“Moving forward to 2022, we appear to be entering another phase for the sector, as we leave behind the low rates that have dominated the market for so long.”
Data shows that the mortgage market has seen a strong comeback in terms of prices and transaction levels during the pandemic, as evidenced by a 66% annual growth in overall searches by the end of 2021.
Amid the stamp duty rush, searches on behalf of first-time buyers are up 64% from 2021.
The stamp duty exemption, combined with the savings made by some during the various UK lockdowns, has generated considerable interest in the market among first-time buyers. According to the SmartrCriteria tool, “first-time buyers” were the third most searched criterion in 2020; a trend that continued the following year, when the term ranked fourth.
The tax relief has also attracted interest from overseas buyers, with searches for visa borrowers dominating as the most searched criteria in 2020 and 2021.
The increase in staycation means that searches for vacation rentals have increased by 25% in 2021. Two summers of restrictions on overseas vacations have created considerable demand for staycation properties, as many have chosen to spend their holidays in the UK rather than traveling abroad. Data from SmartrCriteria shows that “vacation rentals” was the third most searched term among advisors in 2020, up from 2019 when it didn’t even make the top 10.

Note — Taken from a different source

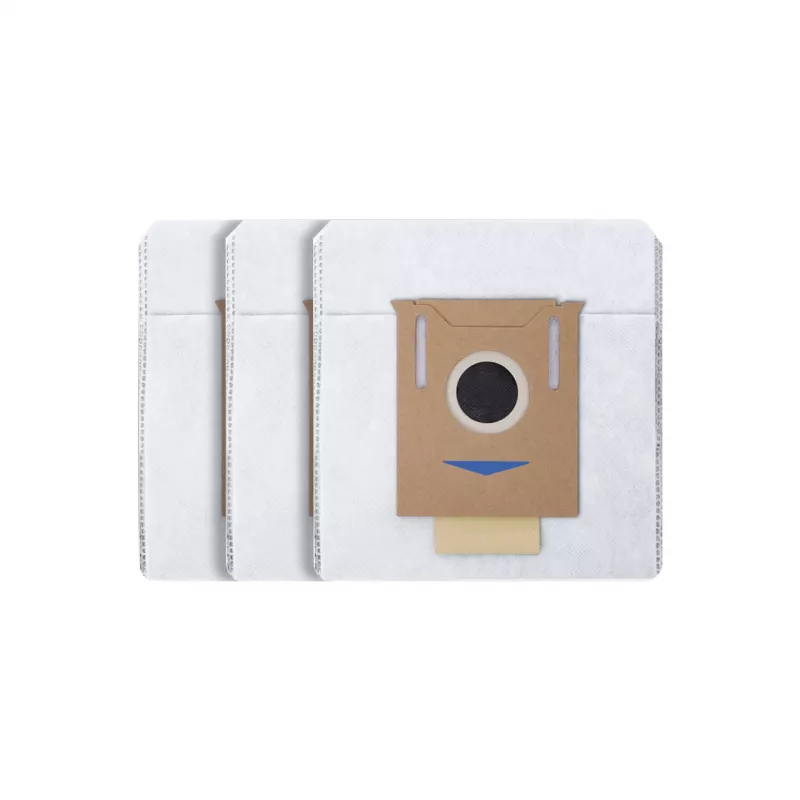 Dust bag for robot vacuum Ecovacs DDB030016, white, pack of 3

The appetite for these properties has extended into last year, with searches for vacation rentals increasing by 25% in 2021, although the search term has fallen to the eighth most popular place.

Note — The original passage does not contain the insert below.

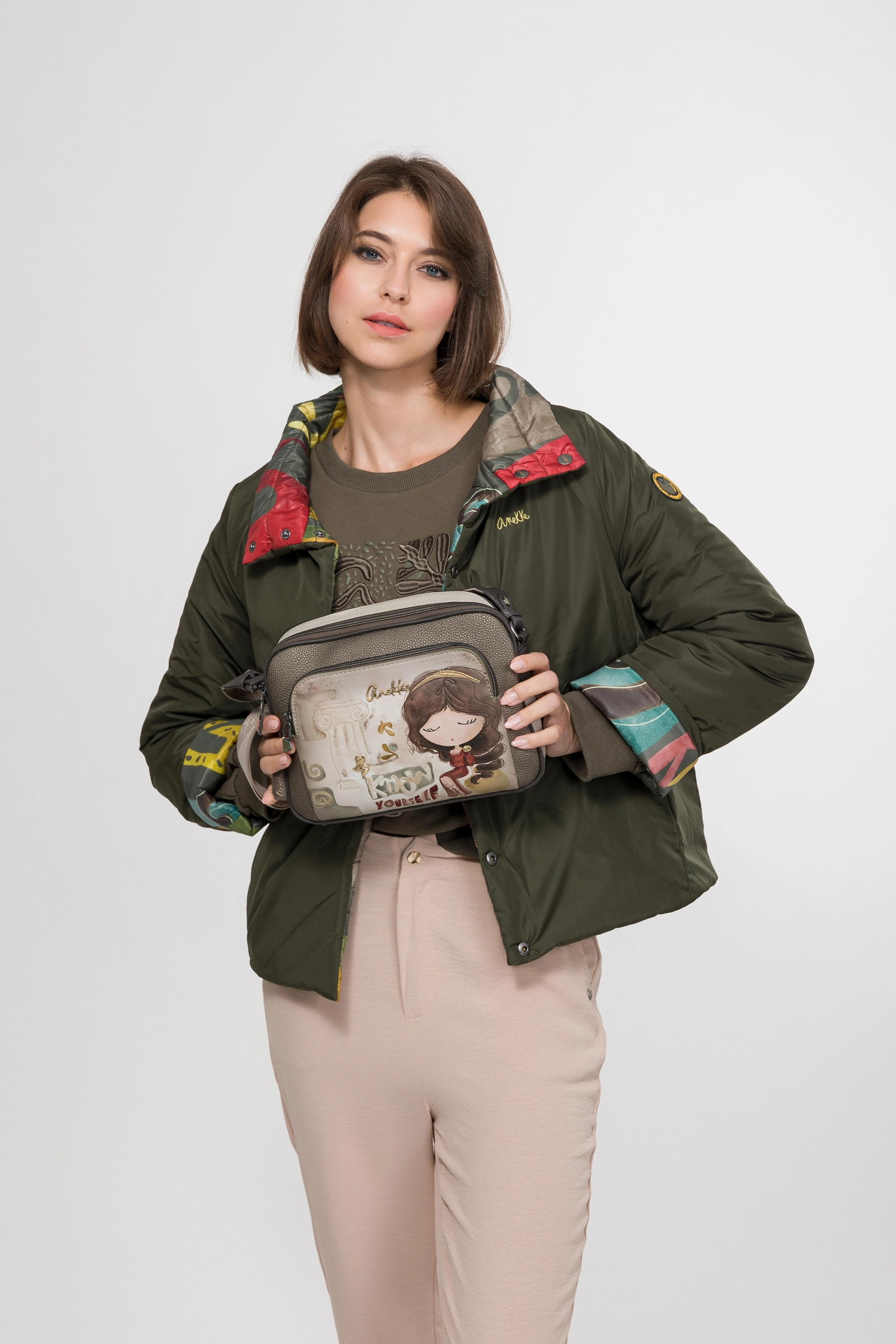 Anekke - Muse - Női oldaltáska - S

Clare Beardmore, Head of Brokerage and Proposals at L&G Mortgage Club, said: “As we celebrate the third anniversary of the SmartrCriteria tool, the data it provides shows how much the market has changed in recent years. The ongoing impact of the pandemic has been undeniable, reshaping the types of properties buyers seek and prompting a number of government initiatives that have seen market activity and house prices soar.
“As we move forward into 2022, we appear to be entering another phase for the sector, as we leave behind the low rates that have dominated the market for so long. As we face potential further rate hikes, many homeowners and would-be buyers have seen their household finances take a hit, with high energy prices and rising inflation leading to a spike in the cost of living.SmartrCriteria data from December 2021 has already shown a 8% increase in searches around “payday loans” and there will likely be even more financial pressure on borrowers.
“Waiting for our January 2022 data, we can anticipate what this new year might bring. Current pressure on affordability and uncertainty over future rates have the potential to shift borrower preferences towards the comfort of a longer-term fixed rate product, or spur the search for interest-only mortgages that minimize monthly expenses. However, looking back on the profound change of the last three years, it is difficult to give a reliable prediction of what we may face in the rest of 2022.